- **The problem**: Take the records below and set down exactly the lines from the one with "VidaXL Garten-Lounge-Set 11-tlg." to the one with "Black By Modway", ends included; do not copy the pictures.

- **Material for the task**:
[Start of Attachment]

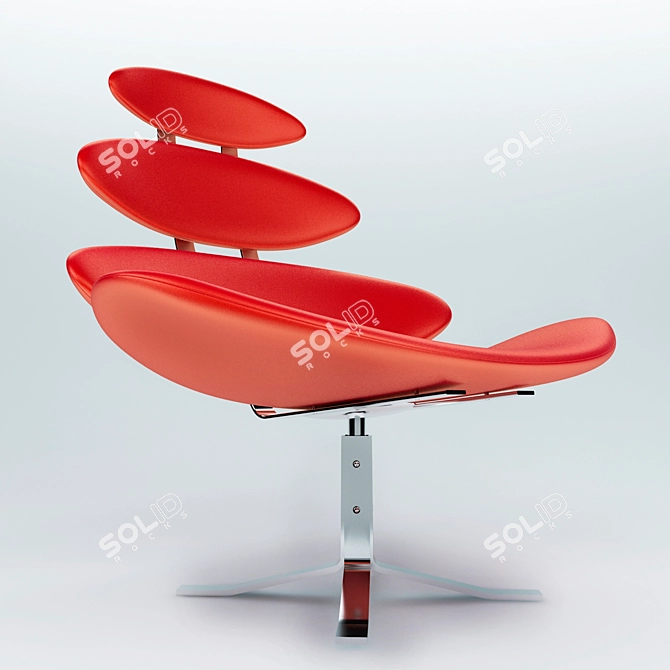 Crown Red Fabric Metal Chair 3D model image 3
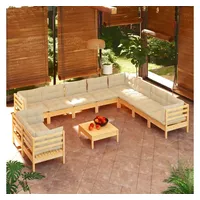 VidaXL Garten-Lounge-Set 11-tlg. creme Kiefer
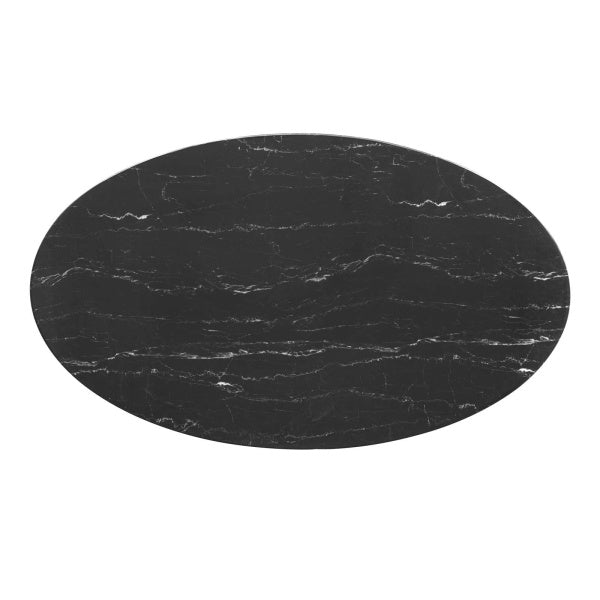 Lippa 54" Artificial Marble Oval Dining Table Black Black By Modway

[End of Attachment]
[Start of Attachment]

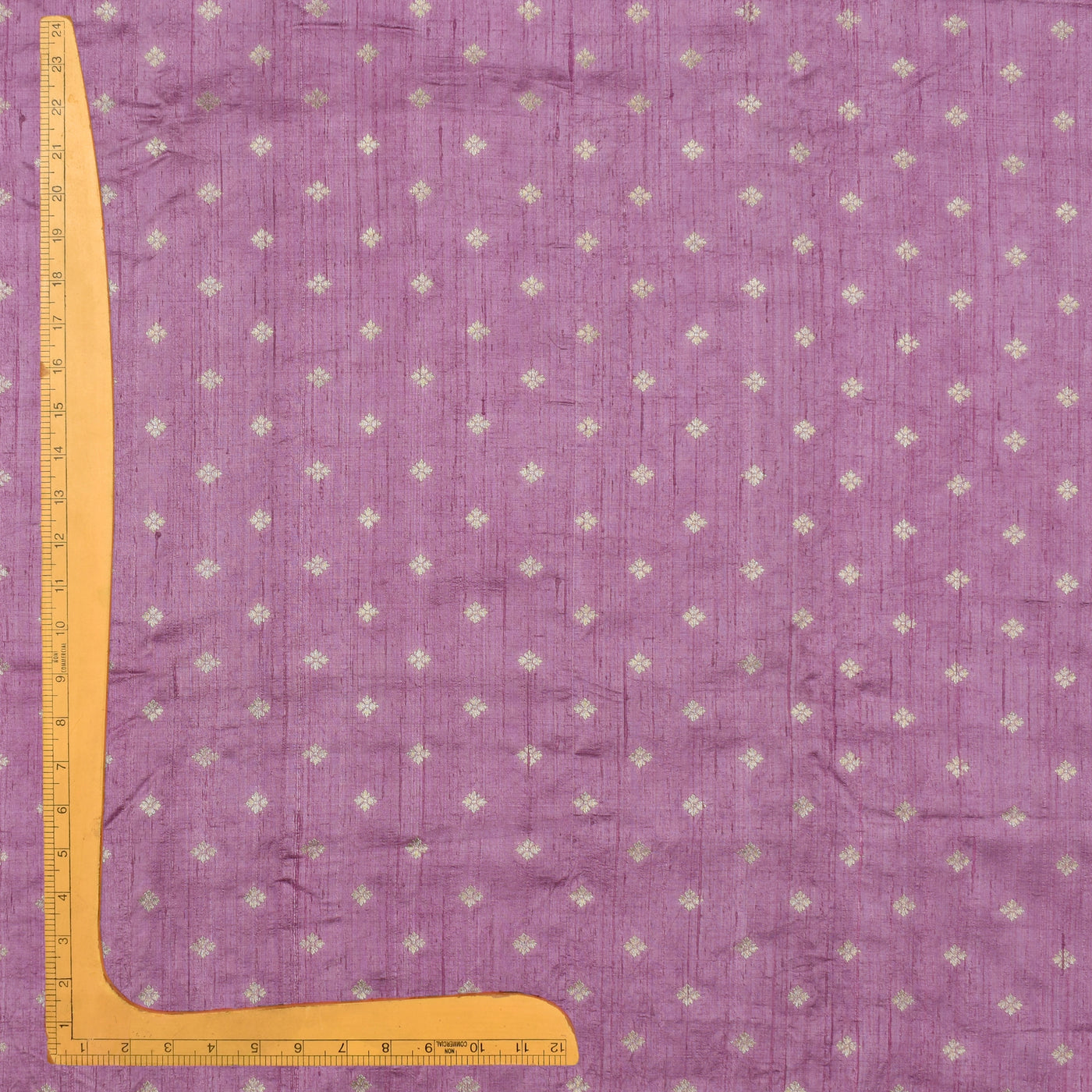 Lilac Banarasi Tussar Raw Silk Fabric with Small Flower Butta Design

[End of Attachment]
[Start of Attachment]

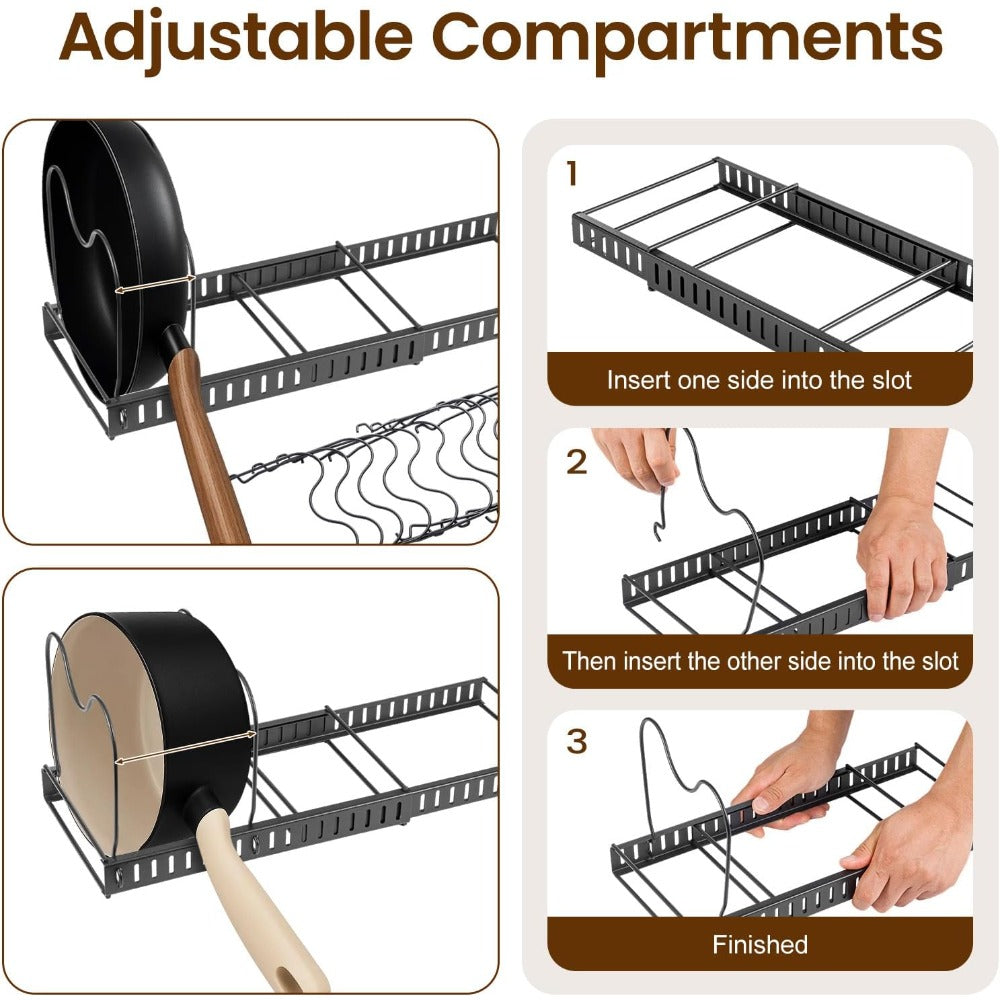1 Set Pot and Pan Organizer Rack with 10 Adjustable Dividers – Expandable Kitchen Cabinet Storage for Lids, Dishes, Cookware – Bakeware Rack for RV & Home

[End of Attachment]

- **Solution to this exercise**:
 VidaXL Garten-Lounge-Set 11-tlg. creme Kiefer
 Lippa 54" Artificial Marble Oval Dining Table Black Black By Modway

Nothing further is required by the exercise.